Copy exactly the stretch of data below from the line with "CELLS(DPSC’s)" through the line with "isolated and cultured in vitro and to", including both of those lines.

**Crawled caption data**

◇ ◇ ◇ ◇ ◇ ◇ ◇

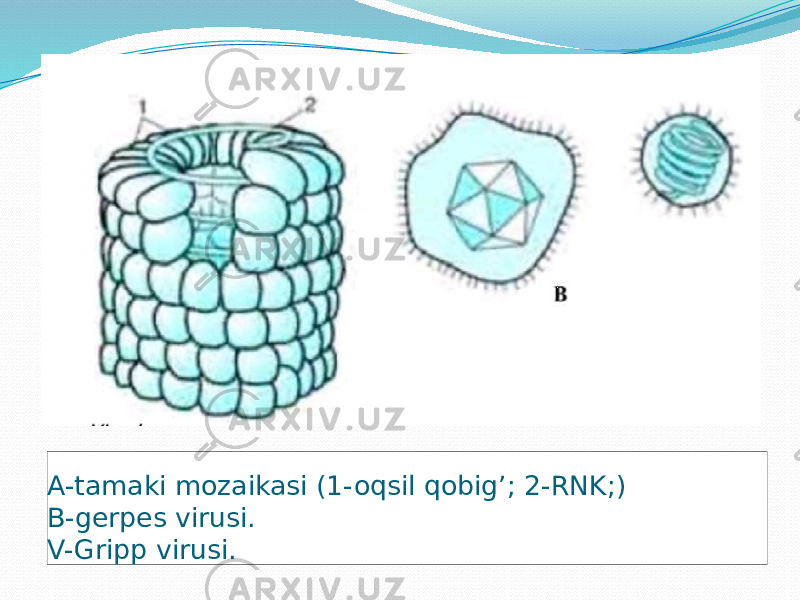 A-tamaki mozaikasi (1-oqsil qobig’; 2-RNK;) B-gerpes virusi. V-Gripp virusi. 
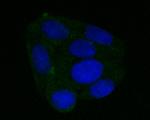 DFNA5 Antibody in Immunocytochemistry (ICC/IF)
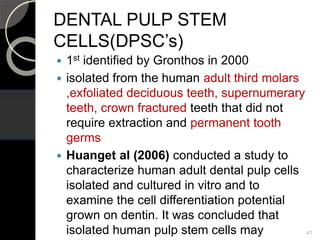DENTAL PULP STEM
CELLS(DPSC’s)
 1st identified by Gronthos in 2000
 isolated from the human adult third molars
,exfoliated deciduous teeth, supernumerary
teeth, crown fractured teeth that did not
require extraction and permanent tooth
germs
 Huanget al (2006) conducted a study to
characterize human adult dental pulp cells
isolated and cultured in vitro and to
examine the cell differentiation potential
grown on dentin. It was concluded that
isolated human pulp stem cells may 41
 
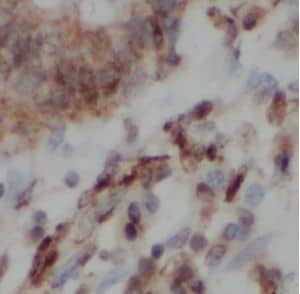 LMO1 Antibody - BSA Free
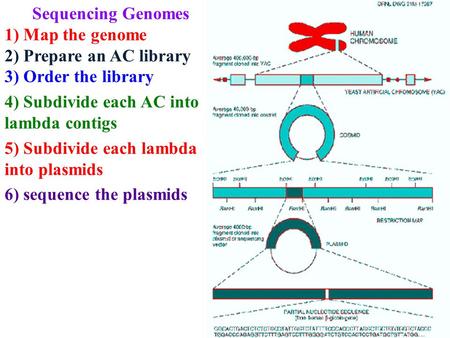 Sequencing Genomes 1) Map the genome 2) Prepare an AC library 3) Order the library 4) Subdivide each AC into lambda contigs 5) Subdivide each lambda into.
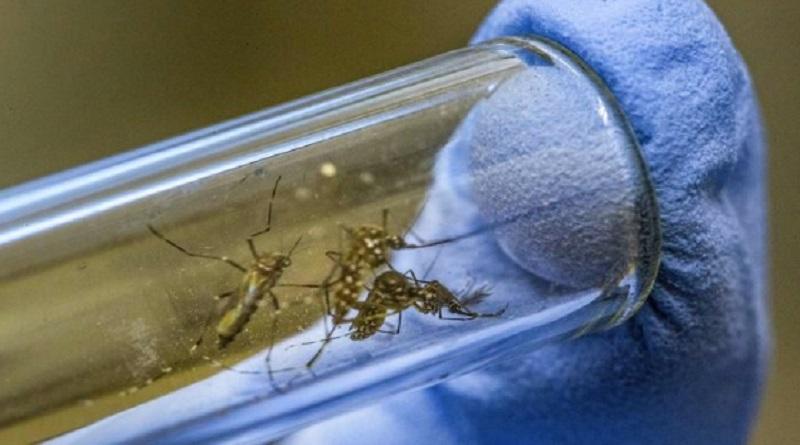 Rusia denuncia que EE. UU. intenta crear insectos portadores de virus patógenos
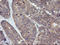 Tripartite Motif Containing 38 antibody, LS-C174622, Lifespan Biosciences, Immunohistochemistry frozen image 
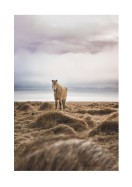 Icelandic Horse In Winter Landscape | Erstellen Sie Ihr eigenes Plakat
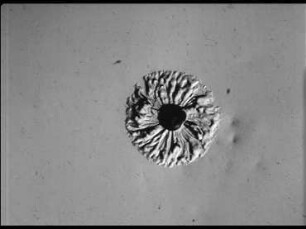 Swarm Development and Morphogenesis in Myxobacteria - Archangium, Myxococcus, Chondrococcus, Chondromyces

◇ ◇ ◇ ◇ ◇ ◇ ◇

**SOLUTION TO THIS EXERCISE**
CELLS(DPSC’s)
 1st identified by Gronthos in 2000
 isolated from the human adult third molars
,exfoliated deciduous teeth, supernumerary
teeth, crown fractured teeth that did not
require extraction and permanent tooth
germs
 Huanget al (2006) conducted a study to
characterize human adult dental pulp cells
isolated and cultured in vitro and to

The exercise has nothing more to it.